MESSAGGIO EVANGELICO E ANNO SACERDOTALE (2009-2010). Ai sacerdoti e ai religiosi che hanno abusato dei ragazzi, invece di dire "abbiamo", "noi", "dobbiamo", "abbiamo", Papa Ratzinger scrive: "Avete tradito la fiducia riposta in voi da giovani innocenti e dai loro genitori. Dovete rispondere di cị davanti a Dio onnipotente, come pure davanti a tribunali debitamente costituiti. Avete perso la stima della gente" (Lettera, pf. 7)!!!
UNA CRISI DELL'INTERO ORDINE SACERDOTALE E UNA "LETTERA PASTORALE" CHE PRENDE CON POCO CORAGGIO E MOLTA FURBIZIA (COME "TRADIZIONE" COMANDA) LE DISTANZE DA CRIMINI ABNORMI E DAL LAVORO DI INSABBIAMENTO ISTITUZIONALE. Una breve rassegna stampa sulle reazioni

Il Papa si sente «tradito». Ma non si scusa per le violenze. Le gerarchie ecclesiastiche approvano, ma le le associazione delle vittime chiedono anche una condanna dell'insabbiamento. In Germania, nuove accuse a Ratzinger e Zollitsch. Abusi anche in Italia. Per i preti pedofili saremmo secondi solo al Belgio e all’Irlanda


a cura di Federico La Sala

 

 
Presentata ieri la «lettera pastorale» di Benedetto XVI alle vittime dei preti pedofili in Irlanda, ai colpevoli e ai loro vescovi. Conferma «tolleranza zero» e piena collaborazione della Chiesa con la magistratura.

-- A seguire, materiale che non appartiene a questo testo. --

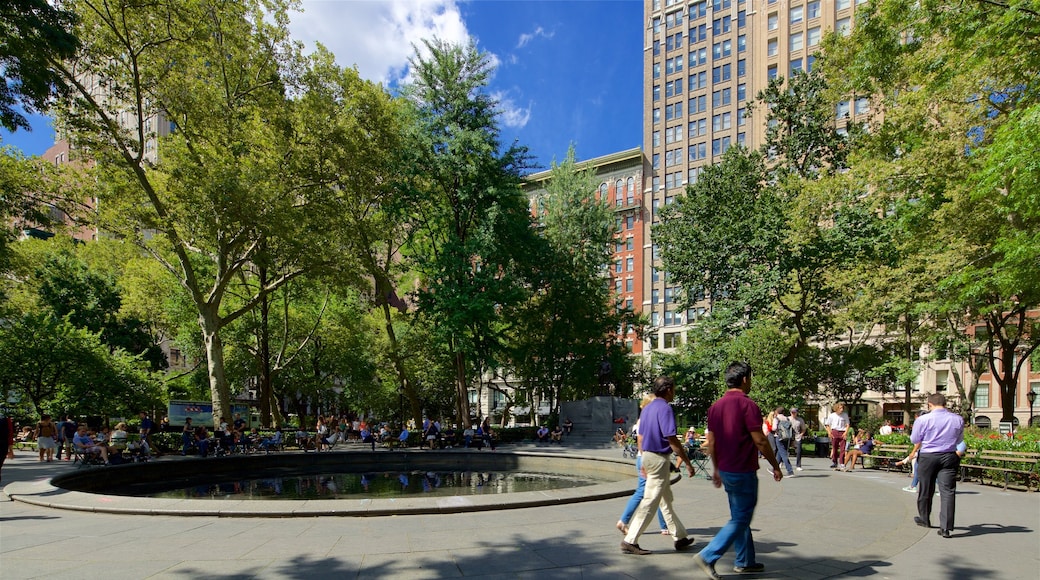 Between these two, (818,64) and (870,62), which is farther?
(818,64)

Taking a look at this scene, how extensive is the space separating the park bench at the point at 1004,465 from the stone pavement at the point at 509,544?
10.2 ft

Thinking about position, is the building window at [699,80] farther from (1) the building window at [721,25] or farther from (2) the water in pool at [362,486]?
(2) the water in pool at [362,486]

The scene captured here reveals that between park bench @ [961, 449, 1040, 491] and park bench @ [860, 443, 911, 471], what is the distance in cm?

Il Papa si sente «tradito». Ma non si scusa per le violenze



La lettera: I colpevoli rispondano a Dio e ai tribunali. Padre Lombardi: gesto inusuale
Benedetto XVI incontrerà le vittime: «Nulla cancellerà il vostro dolore»



di Roberto Monteforte (l’Unità, 21.03.2010)

«Non posso che condividere lo sgomento e il senso di tradimento che molti di voi hanno sperimentato al venire a conoscenza di questi atti peccaminosi e criminali e del modo con cui le autorità della Chiesa in Irlanda li hanno affrontati». È con questa presa di posizione, netta e senza equivoci, che papa Benedetto XVI si rivolge alle vittime di abusi sessuali da parte del clero nella sua «lettera apostolica» indirizzata a tutti i cattolici del paese cattolico, in primo luogo alle vittime e alle loro famiglie, ma anche ai sacerdoti colpevoli, ai vescovi, ai giovani, al clero «incolpevole». L’atteso documento è stato ieri presentato dal direttore della Sala Stampa, padre Federico Lombardi. È una lettera indirizzata all’Irlanda, che tiene conto delle specificità di quella situazione, che è solo «un primo passo» di un cammino non semplice di assunzione i responsabilità e di recupero di credibilità di quella Chiesa e di quell’episcopato, ma che per alcune indicazioni può avere anche un valore più generale. Soprattutto per l’invito rivolto ai colpevoli.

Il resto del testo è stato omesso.